Perspektif Pakar Politik Internasional
Fenomena “ndasmu” juga menarik perhatian pakar politik internasional, salah satunya Edward Aspinall, profesor dari Australian National University yang dikenal dengan kajiannya tentang politik Indonesia. Dalam bukunya Opposing Suharto: Compromise, Resistance, and Regime Change in Indonesia (2005), Aspinall pernah membahas bagaimana gaya komunikasi pemimpin di Indonesia sering kali mencerminkan feodalisme politik. Dalam konteks “ndasmu,” Aspinall mungkin akan melihatnya sebagai indikasi pola kepemimpinan yang anti-kritik, di mana pemimpin merasa berhak mengabaikan atau bahkan menghina kritik demi mempertahankan otoritas. Meskipun Aspinall belum secara spesifik mengomentari peristiwa ini pada Februari 2025, karyanya memberikan kerangka untuk memahami bagaimana ucapan Prabowo bisa dianggap memperkuat feodalisme politik modern.
Analis lain, seperti Lely Arrianie dari LSPR, memperingatkan bahwa jika kebiasaan ini berlanjut, elektabilitas Prabowo untuk periode kedua bisa terancam. “Kalau kritik publik terus dibalas dengan ungkapan yang tidak pantas, elektabilitas Prabowo akan terdegradasi pelan-pelan,” ujarnya, dikutip dari bbc.com. Ini menunjukkan bahwa di era digital, di mana setiap kata pemimpin bisa menjadi bahan bakar viralitas, kontrol diri dalam komunikasi menjadi semakin krusial.
Dampak dan Refleksi
Viralnya “ndasmu” bukan hanya soal hiburan atau kontroversi semata, tetapi juga cerminan dinamika komunikasi politik di era media sosial. Di satu sisi, kreativitas netizen mengubah ucapan kasar menjadi karya seni digital yang menghibur. Di sisi lain, ini memunculkan pertanyaan serius: sejauh mana seorang pemimpin boleh menggunakan bahasa informal atau kasar tanpa mengorbankan martabat jabatannya? Cendekiawan Yudi Latif, sebagaimana dilansir beritajatim.com, menyarankan agar Prabowo lebih matang dalam menyaring kata-katanya, mengingat dampaknya tidak hanya pada citra pribadi, tetapi juga pada kepercayaan publik terhadap pemerintahan.

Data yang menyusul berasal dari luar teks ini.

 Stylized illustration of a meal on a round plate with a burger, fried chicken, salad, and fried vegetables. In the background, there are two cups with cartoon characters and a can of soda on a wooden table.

Bagi sebagian orang, “ndasmu” adalah ekspresi autentik dari Prabowo yang blak-blakan, sebuah daya tarik yang membuatnya berbeda dari pemimpin lain. Namun, bagi yang lain, ini adalah tanda kurangnya kesantunan yang seharusnya dimiliki seorang presiden. Yang pasti, peristiwa ini telah menjadi bagian dari narasi politik Indonesia di awal 2025, meninggalkan jejak dalam diskursus publik yang akan terus diperdebatkan.
Daftar Referensi
- BBC News Indonesia. “Prabowo sebut 'ndasmu' terhadap pengritiknya – 'Kritik terbuka seolah-olah musuh'.” 17 Februari 2025. www.bbc.com.

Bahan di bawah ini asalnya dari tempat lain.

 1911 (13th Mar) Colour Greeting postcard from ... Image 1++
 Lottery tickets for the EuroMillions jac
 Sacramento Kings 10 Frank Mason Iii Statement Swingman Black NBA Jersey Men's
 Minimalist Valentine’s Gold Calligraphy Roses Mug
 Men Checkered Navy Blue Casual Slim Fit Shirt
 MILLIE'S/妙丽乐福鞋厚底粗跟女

- Fajar.co.id. “Pernyataan ‘Ndasmu’ Presiden Prabowo Tuai Kecaman, Pakar Komunikasi Beber Dampaknya ke Publik.” 16 Februari 2025. fajar.co.id.

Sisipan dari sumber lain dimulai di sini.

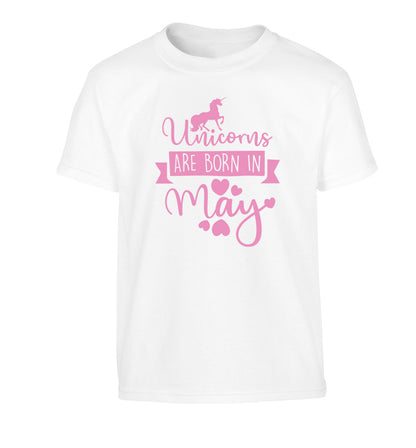 Unicorns are born in May Children's white Tshirt 12-13 Years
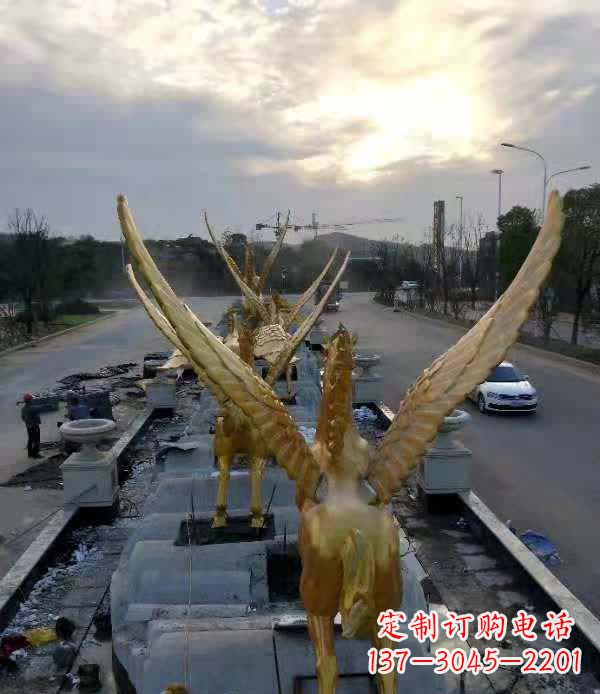 益阳不锈钢城市飞龙雕塑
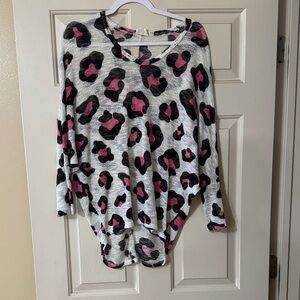 BiBi Black and Pink Patterned Knit Top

- BeritaJatim.com. “Soal ‘Ndasmu’, Presiden Prabowo Disarankan Tak Terlalu Impulsif.” 20 Februari 2025. beritajatim.com.
- Suara.com. “Viral Anak Kecil Kritik Ucapan 'Ndasmu' Prabowo: Tolong Presiden Contohkan yang Baik.” 23 Februari 2025. www.suara.com.
- Aspinall, Edward. Opposing Suharto: Compromise, Resistance, and Regime Change in Indonesia. Stanford University Press, 2005.
- Jenkins, Henry. Spreadable Media: Creating Value and Meaning in a Networked Culture. NYU Press, 2013.